The high-tech labor shortage has been well documented by industry groups such as the Information Technology Association of America (ITAA) and the American Electronics Association. For the past several years, these groups and regional high-tech alliances have reported that the industry has hundreds of thousands of unfilled positions available. Many companies have turned to H-1B employees to fill the gap. Even companies that aren't in the technology field are being squeezed by the shortage: the National Association of Manufacturers, the Chamber of Commerce and the National Federation of Independent Business all report that their member companies are finding it harder and harder to find qualified workers.
But now that these same companies are asking for the H-1B cap to be raised in order to help fill this demand, suddenly the labor shortage itself is being challenged.

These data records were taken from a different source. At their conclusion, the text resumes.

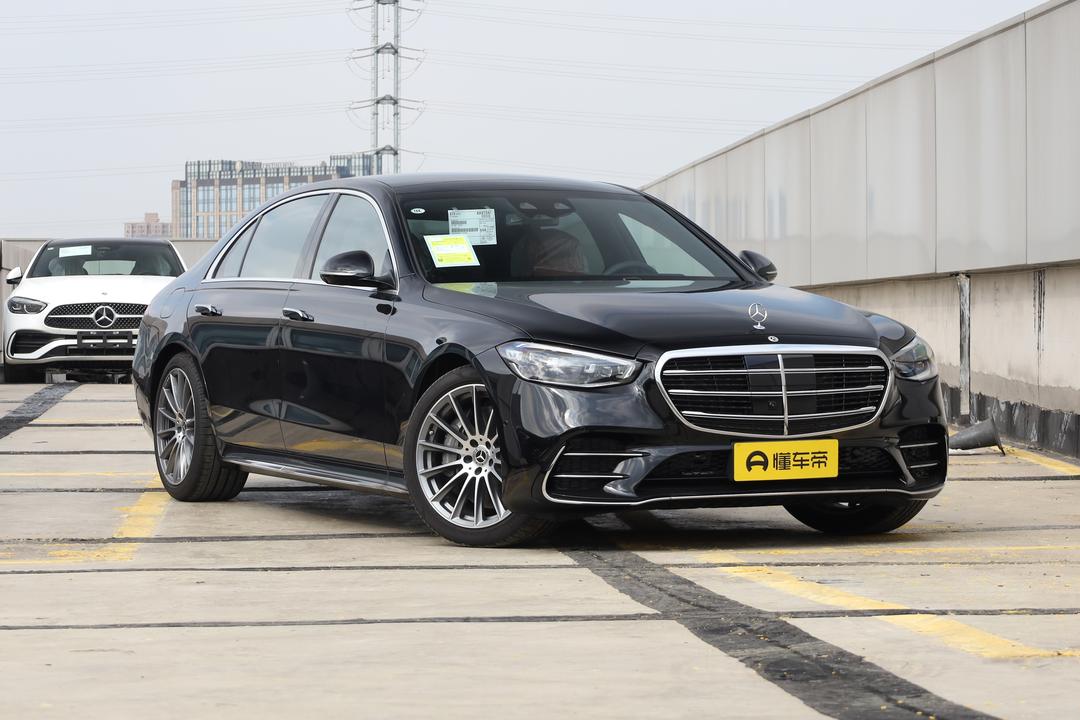 Mercedes-Benz S-Class 2026, фото 3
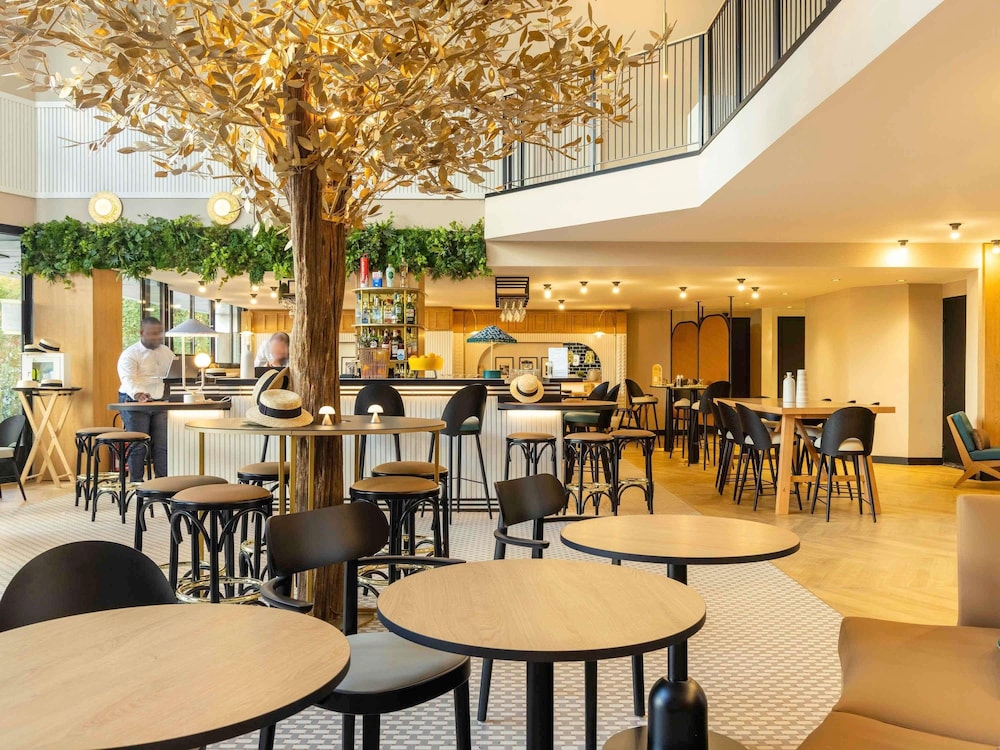 Novotel Paris Suresnes Longchamp 31/48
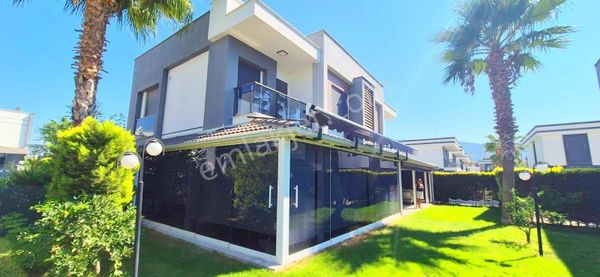 Kuşadası Sevgı Plajında Satılık Köşe Konumlu 3+1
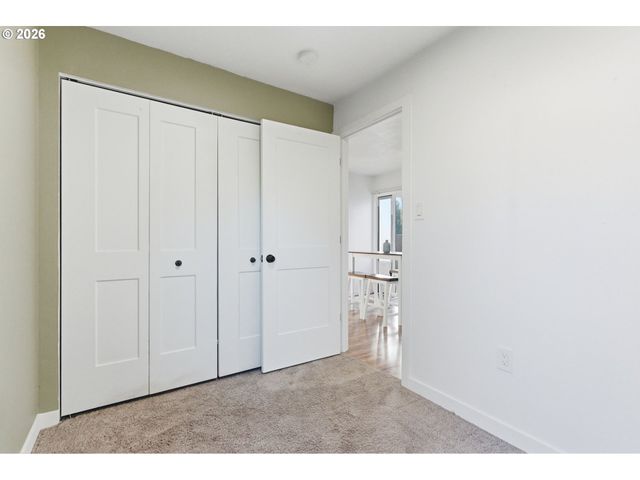 16484 FRONT Ave, Oregon City, OR 97045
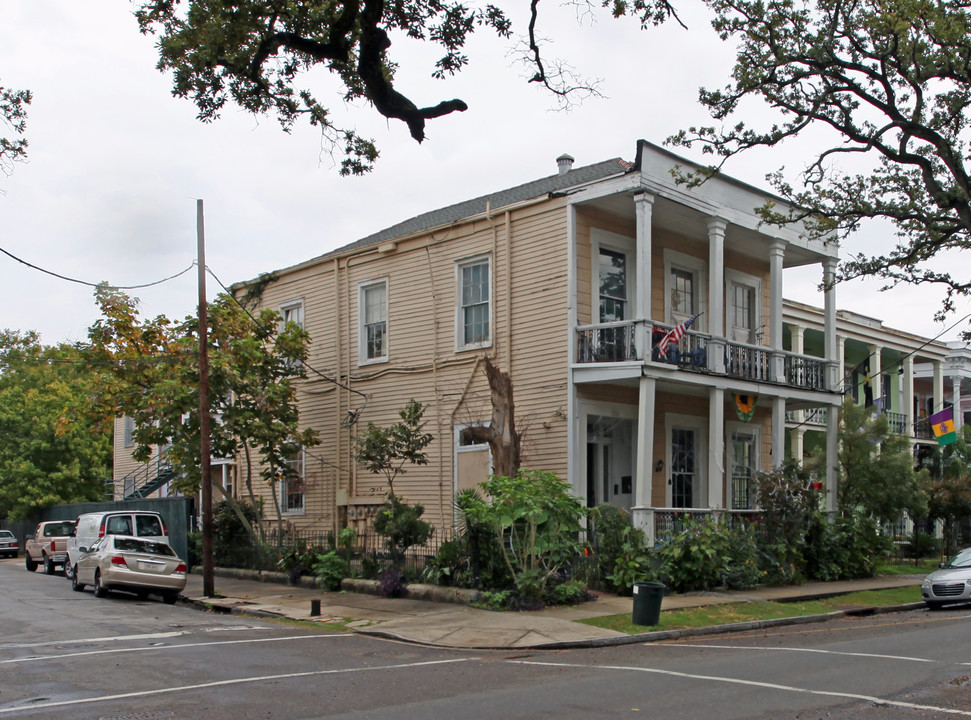 1265 Esplanade Ave in New Orleans, LA - Foto de edificio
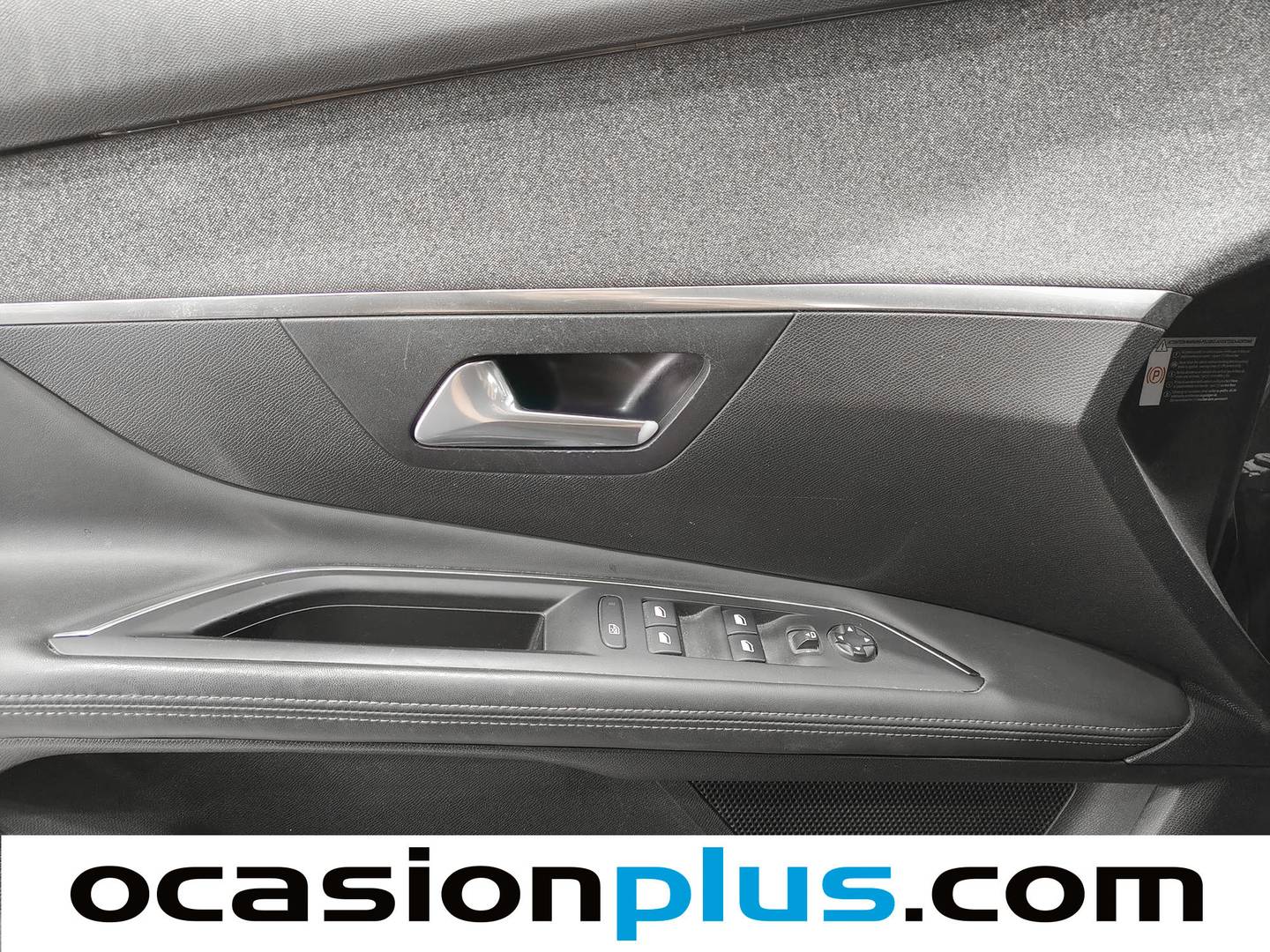 Foto Peugeot 3008 Peugeot 3008 BlueHDI 120 S&S Allure (120 CV)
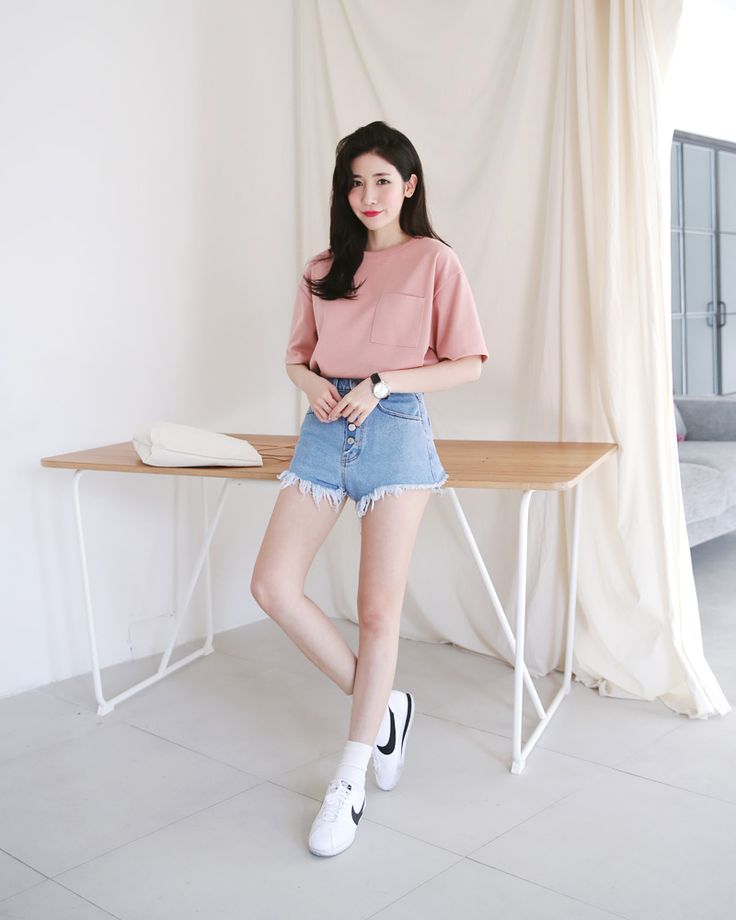 t shirt with short pant min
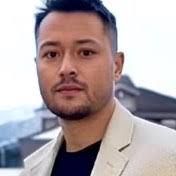 Ruth Boren's Instagram, Twitter & Facebook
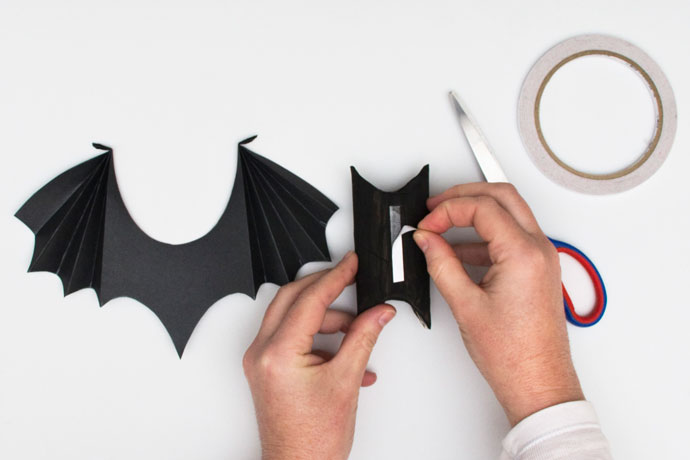 Halloween Craft Paper Roll Bat - My Poppet Makes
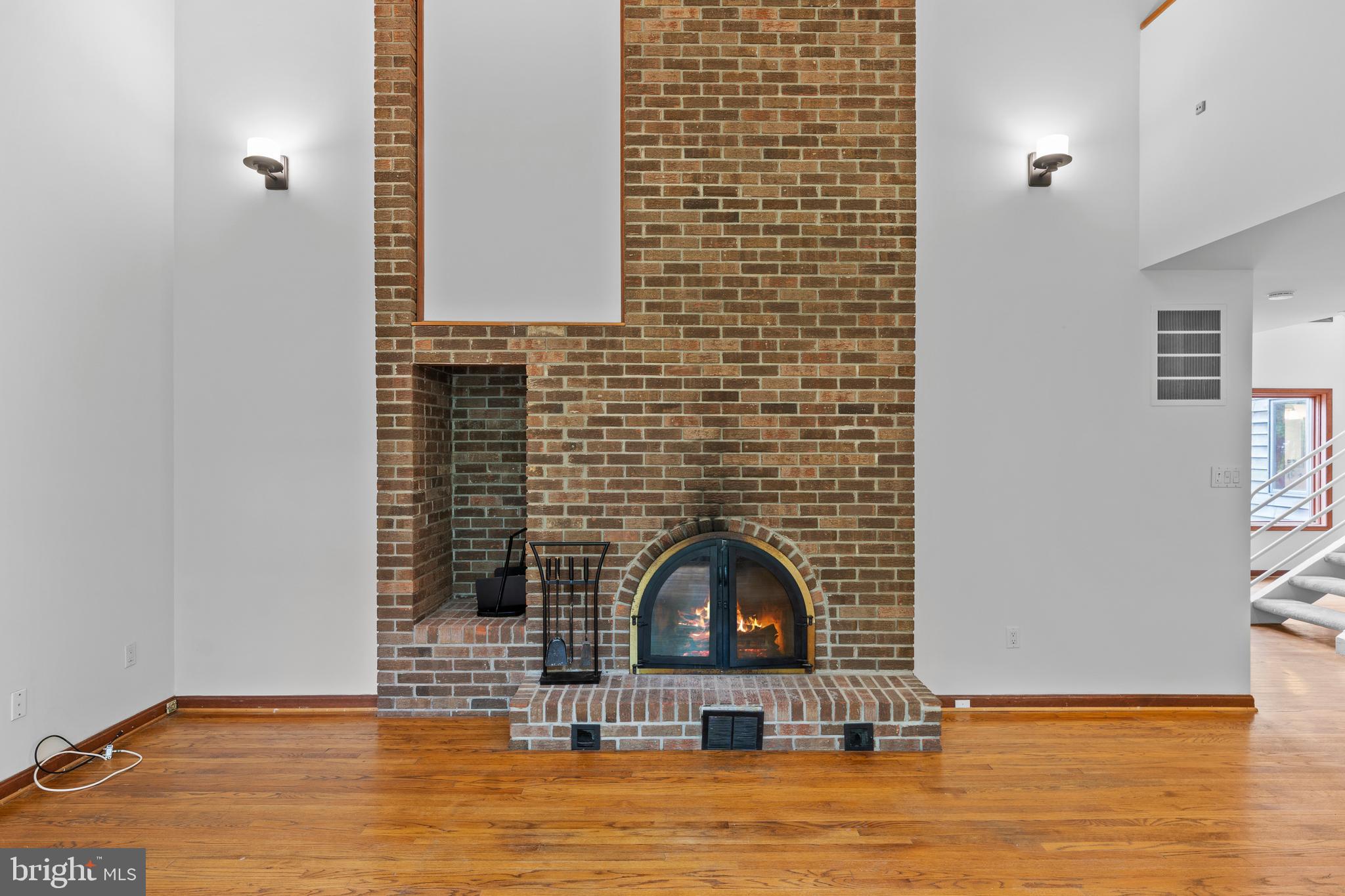 La Plata, Maryland, 20646, United States, 5 Bedrooms Bedrooms, ,4 BathroomsBathrooms,Residential,For Sale,1994243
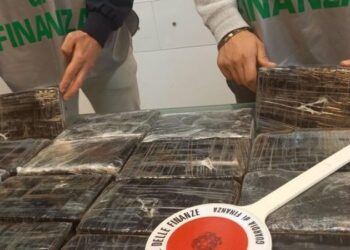 Itali, shqiptari kapet me 1 milionë euro kokainë në makinë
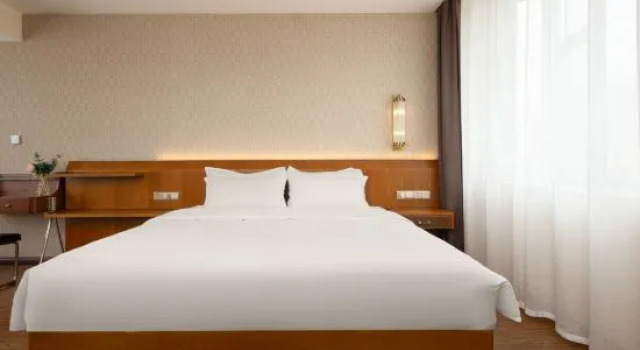 Люкс Business Jun He International Hotel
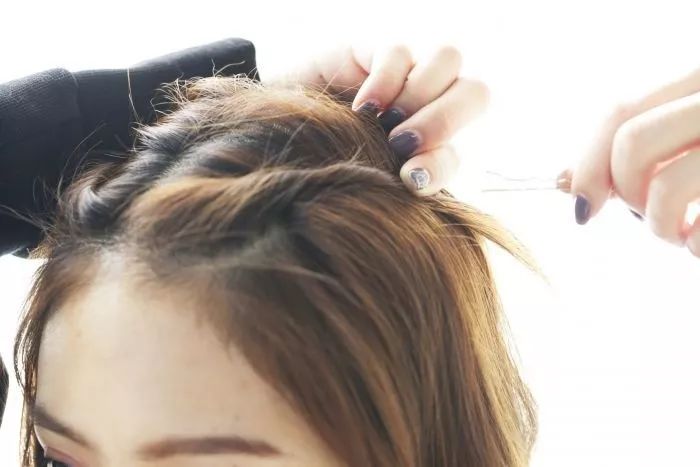 刘海半长不短怎么办,刘海尴尬期怎么扎发型半长不短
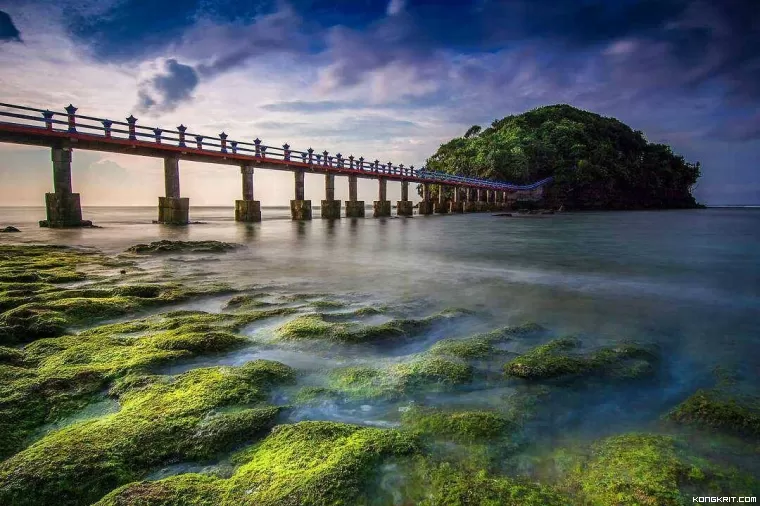 Pantai Jembatan Panjang, Malang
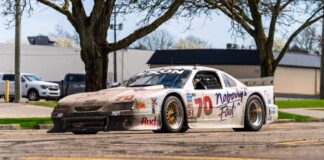 A subasta el Ford Mustang Cobra con el que Paul Newman ganó las 24 Horas de Daytona en 1995 Ford Mustang Cobra con el que Paul Newman ganó las 24 Horas de Daytona en 1995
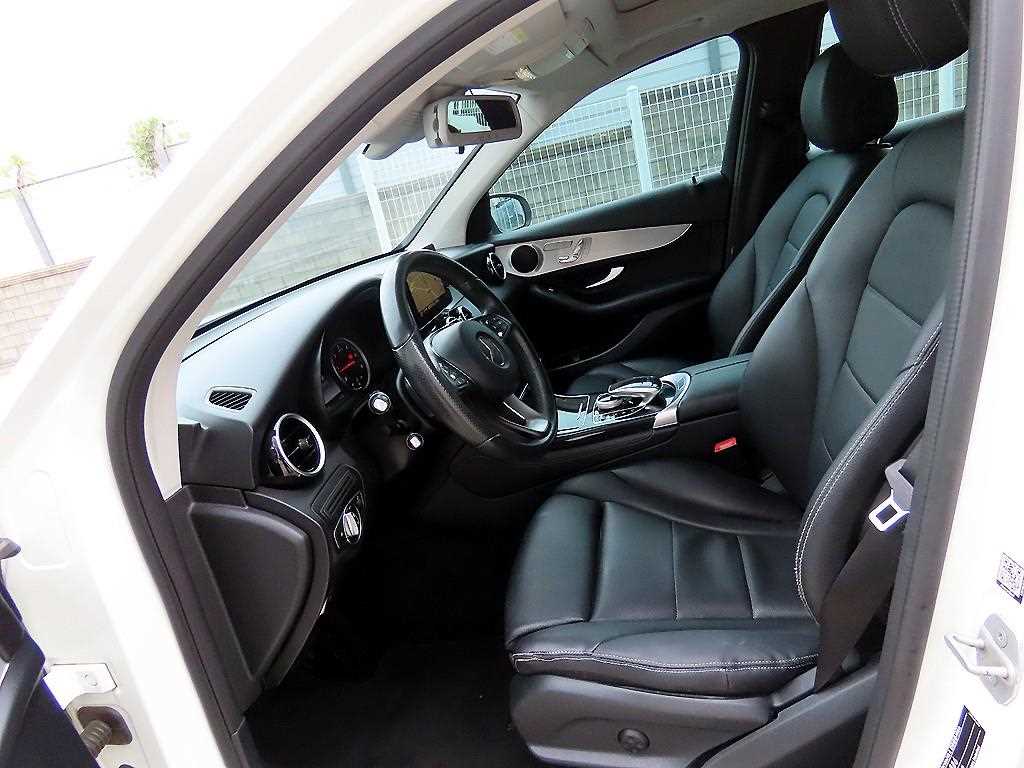 Mercedes Benz GLC Class - Vista 5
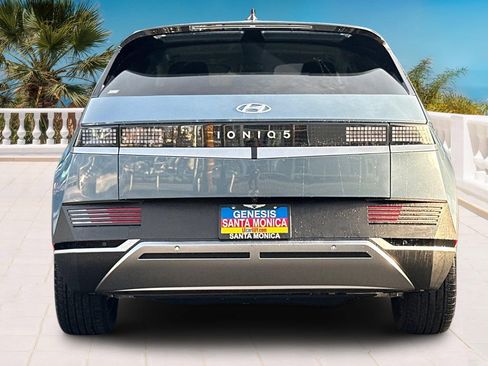 Used 2024 Hyundai Ioniq 5 SE image 5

Although every metropolitan area newspaper boasts pages and pages of high-tech help wanted ads each week, the General Accounting Office has challenged the methodologies that ITAA and the Commerce Department used to research the shortage. While careful not to dispute the actual shortage, GAO cited the lack of unusual salary growth as evidence that the shortage may not be as widespread as reported. According to CIO Magazine, however, the average compensation for a high-tech worker rose 13.46% in 1997, nearly four times the average wage increase for non high-tech workers. These figures also do not account for other methods companies use to attract employees, such as sign-on bonuses, extra vacation, stock, and casual dress codes, nor the efforts they make to attract them, such as holding recruiting fairs during spring break. Even Norman Matloff, a computer scientist on the faculty of the University of California-Davis who believes the shortage does not exist, admits that the wages of technology workers rose more than 7% in 1997. This is compared to average U.S. worker wage increases of 2.3% and an inflation rate of 2.1%.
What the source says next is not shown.